On December 8, 2022, the election officials announced that Nick Resnick had been elected to Oakland’s District 4 school board, and the city council certified him on December 20. But then, eight days later, the election officials informed Resnick that he actually lost the election to Mike Hamilton. On January 9, Nick Resnick was still sworn in as supervisor and even cast votes at a school board meeting in the midst of the confusion. Both the candidates “lawyered up,” and Hamilton sued

How exactly did Oakland’s elections descend into a bad joke? The responsibility for this disaster falls squarely on the shoulders of the voting method they use: ranked choice voting (RCV). Instead of holding separate runoff elections, RCV crams multiple rounds and selections onto a single ballot. In a regular election, a voter simply marks off one person on the ballot. But Oakland decided to switch to RCV, where voters rank candidates in order of preference. Those rankings are used for runoff elections if they occur.

RCV makes ballots confusing. And that’s what happened in Oakland. The real-life “Who’s on First” frustration in Oakland came down to the blank first-ranked choice vote on 235 ballots. Which candidate, if any, did these voters intend to rank first? Some RCV jurisdictions assume that a blank vote is an intentional protest vote for none of the options. But other jurisdictions regard a blank vote as an unintentional mistake (no doubt due to the confusing RCV ballot). They assume that the #2 is really the voter’s first choice, and so they count #2 as #1. Initially, Oakland did it the first way, and Resnick won. But then they tallied it the second way, and Hamilton won. 

Regular elections don’t have this “Who’s on First” issue at all. It is a new problem created by the ranked choice voting experiment. In non-ranked choice voting, you have one choice among your options. You can leave it blank, or you can pick one. It’s a protest vote, or it’s a vote for one name. Come back if you want to vote in the runoff election. No need for an election official to guess what you intended to do.

Instead of admitting their endorsed voting method causes this confusion, ranked choice voting groups point their fingers at the election officials struggling to implement it. FairVote, which flagged the RCV problem in the Oakland school board race to the election officials, claimed “it wasn’t about RCV” and instead blamed the problem on a “combination of human folly and correctable practices for transparency.” Similarly, California Ranked Choice Voting Coalition consulting executive director, Sean Dugar, claimed, “We know it works,” and criticized the elections officials for their “gaffe” and “human error” and checking a “button … on an algorithm.” 

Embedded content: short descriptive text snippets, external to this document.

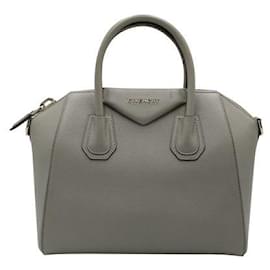 Givenchy-Givenchy Light Grey Antigona Bag-Grey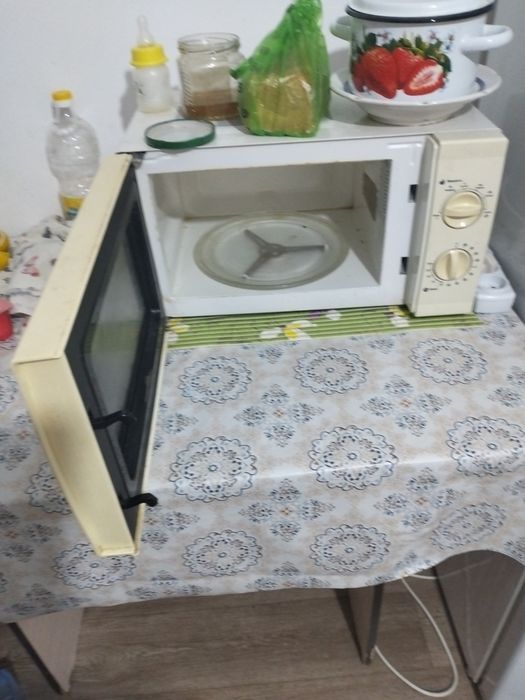 Микроволновка в хорошем состояни
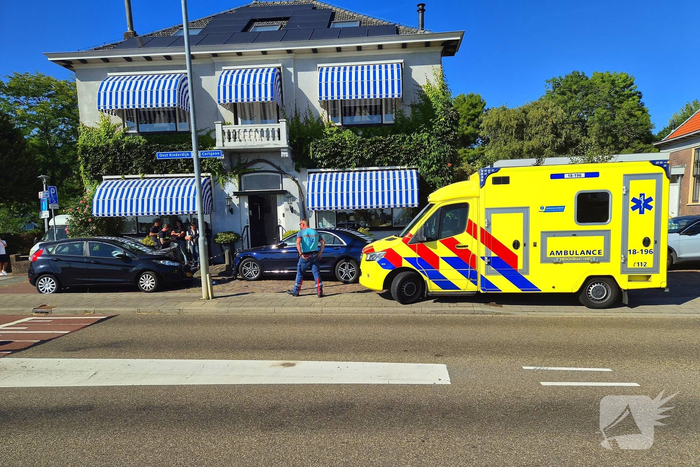 Bestuurster botst tegen geparkeerde auto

If you need an algorithm to run an election, you’ve undoubtedly created an unnecessarily complicated system. And unless the voter is trained in those sophisticated algorithms, they will not be able to truly understand how their ballot is counted.

Oakland voters have lost trust in their election system. One official is calling for the creation of an oversight committee and an independent third-party recount. Both are positive election integrity measures, but a better solution is simply to get rid of ranked choice voting. Don’t ask “who’s on first” and struggle to answer. Leave that to Abbott and Costello.